Pas grand-chose à ce stade même si le directeur du réseau régional a affirmé qu’ils et elles étaient aussi concerné·es par les aménagements de la semaine de 4 jours. Une nécessité au vu des amplitudes horaires actuelles, nous y veillerons.

Anatomie d’un naufrage en cours

L’intersyndicale s’étonne que malgré un rapport d’expertise accablant sur les risques de la mise en œuvre de Tempo et malgré nos nombreuses mises en garde, nous en soyons encore Là avec Ici. Sous l’eau.

Tout cela est la démonstration, la preuve, que le projet n’était pas prêt à être déployé. Tous les risques mis en avant par les élus des CSE se réalisent les uns après les autres. Et la situation s’aggrave chaque jour. Des JT ne peuvent avoir lieu faute de capacité de recours aux scriptes. Des émissions de programme sont annulées dans certaines antennes pour « sauver le soldat Ici ». 

Selon le document de la direction, il manque 1260 jours de scriptes pour pouvoir assurer l’ensemble des éditions d’ici la fin de l’année. Comment une telle gabegie a-t-elle été possible ?

La direction s’engage à harmoniser les indemnités de défraiements des non permanents au même titre que les CDI pour que les contrats deviennent plus attractifs. Oui mais à quelle échéance ? Pas de réponse concrète de la direction.

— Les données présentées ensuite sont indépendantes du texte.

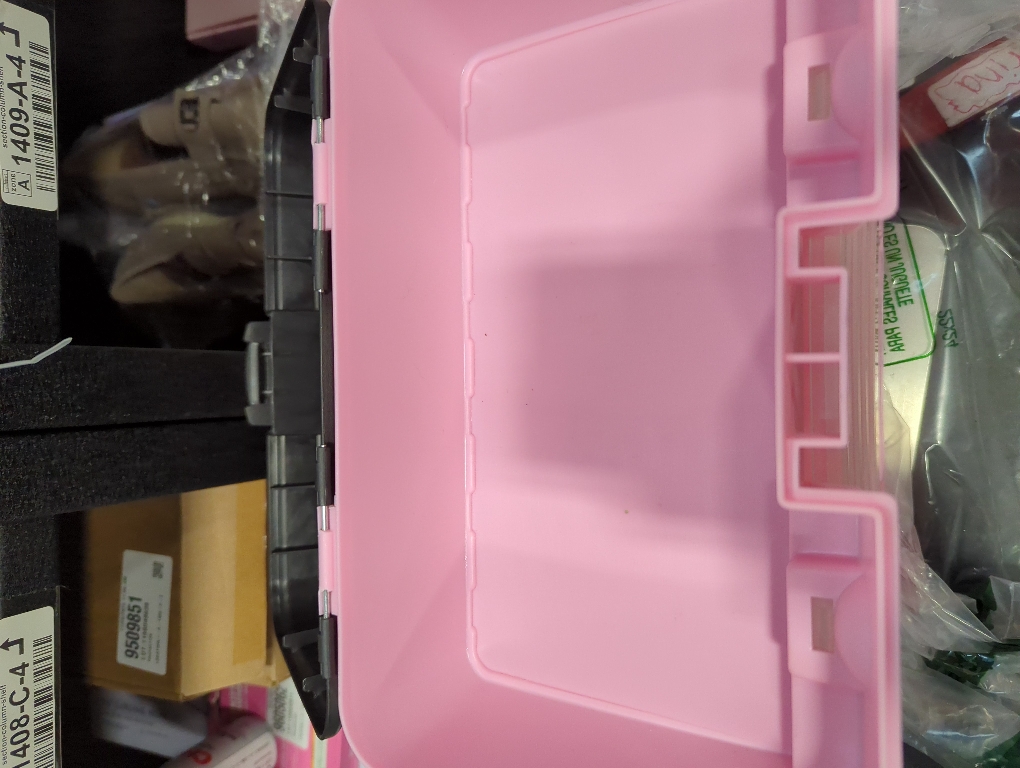 Portable Tool Box - Small Parts Organizer with Drawers and Customizable Compartments for Hardware, Fishing Tackle, Beads, or Crafts by Stalwart (Pink)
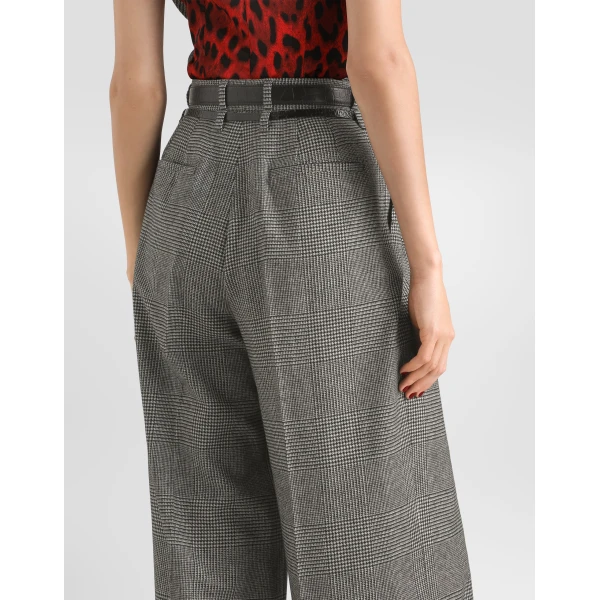 Glen plaid flannel trousers - Image 5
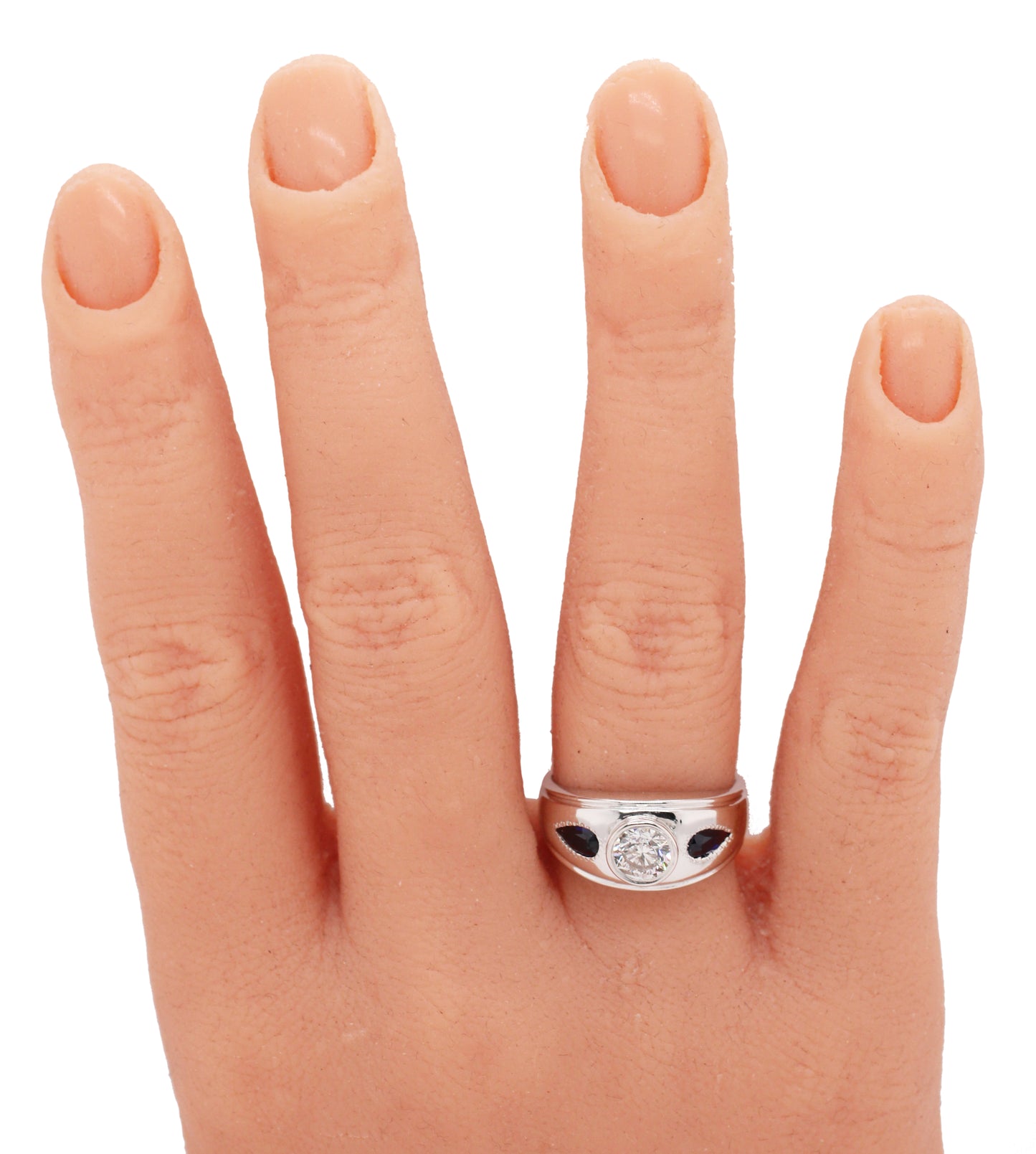 Vintage 1ct Diamond & 0.50ctw Sapphire Band Ring - 14k White Gold | Size 7.50
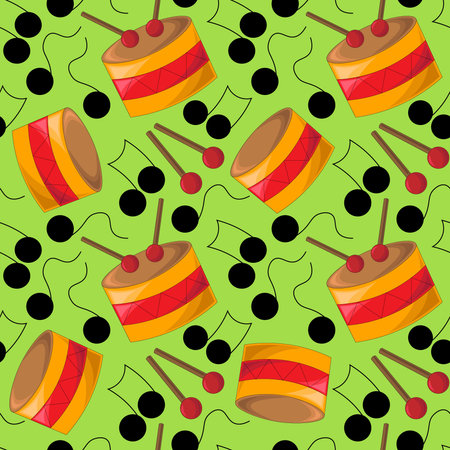 Seamless vector pattern with drums and black notesのイラスト素材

Ce plan d’urgence ressemble fort à une compilation de rustines élaborées, à la va-vite, devant le naufrage annoncé et la suppression en chaîne de JT dans le réseau, faute de moyens supplémentaires. Décevant et illusoire. Les échanges, suite à la saisine, ne sont donc pas à la hauteur des problématiques et du mal-être généralisés.

La direction générale de l’entreprise est restée droite dans ses bottes pour imposer le déploiement de Tempo au 4 septembre. Elle doit prendre conscience qu’elle doit agir vite et fort et protéger surtout la santé des salariés.  

Aujourd’hui, tout nous incite à demander l’arrêt définitif du projet.